Great image from a CNN.com article today. Modern-day Medusa/jealousy.In the article, there's a discussion about why jealousy occurs, and why humans and other creatures have counted jealousy as a strong and helpful trait along the evolutionary path.
Jealousy is probably one of my biggest weaknesses and one I struggle to control and ignore. Who likes a crazy jealous bitch? (hint: NO ONE).
Luckily, as I've gotten older I've mellowed out (although, after a few drinks, I can be a bit protective of my man at bars crawling with skanks.... perhaps this is a positive evolutionary side?).
The hardest situation I have been facing lately involves Tex's ex-girlfriends. Don't worry, he has no contact with them whatsoever, but it seems like every time I go up to VT we run into one or another of them (or hear a story about this or that hilarious time with one of them). I know he has a past, but it's hard to blissfully ignore it when it's being rubbed into my face.
And then there's the one that's "friended" him on Facebook (although the page was created and is run by one of his buddies, so it's not even him)... And I will admit, more than one of my exs is my friend on there as well... so it would be a tad hypocritical to be miffed about it.
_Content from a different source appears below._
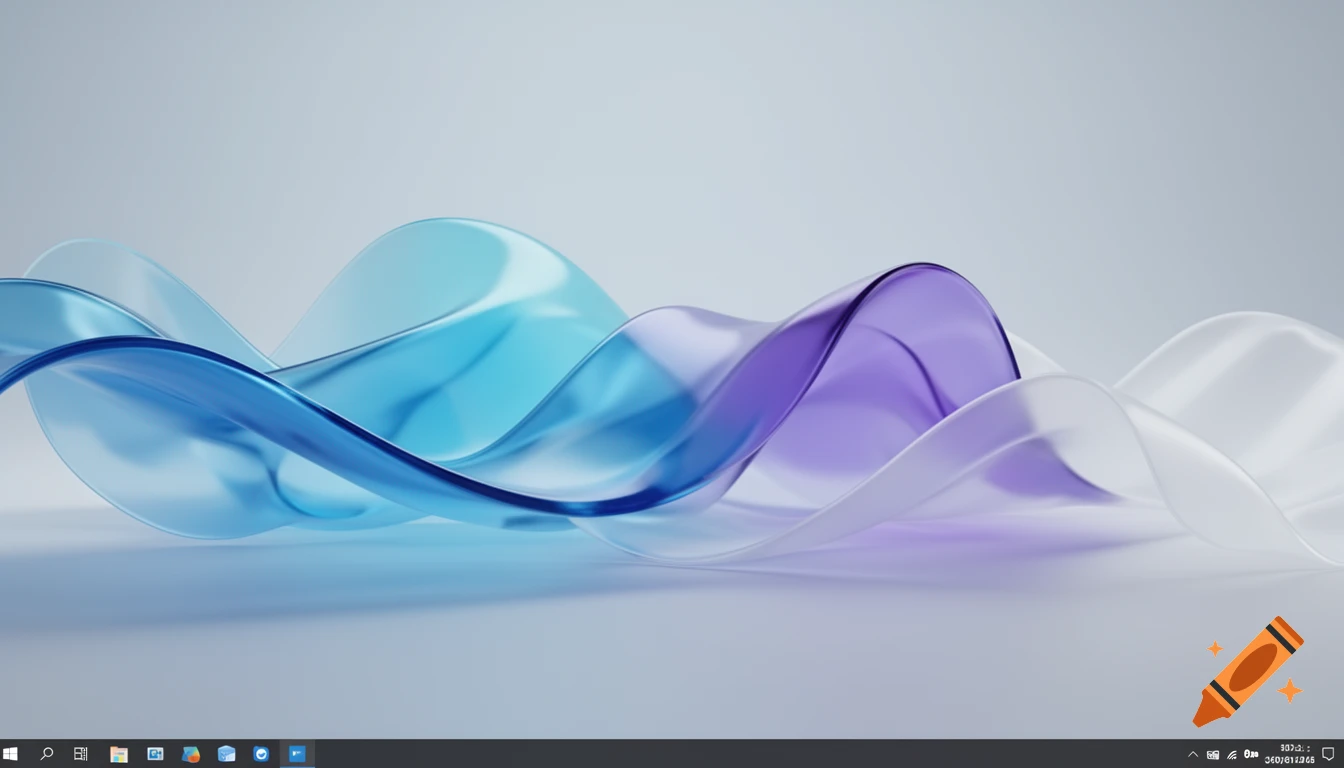 Abstract 3D glass waves in blue and purple tones on a light gray background.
Or at least that's what I keep telling myself.
At the end of the day though, it's important to remember it's me he's coming home with. It's me he loves and we make each other happy. There is a reason why those other ladies (and gentlemen for me) are exs.
Reminding myself of this always makes me smile and keeps my eyes their typical shade of blue. Anyone else have a few tips for ignoring Medusa?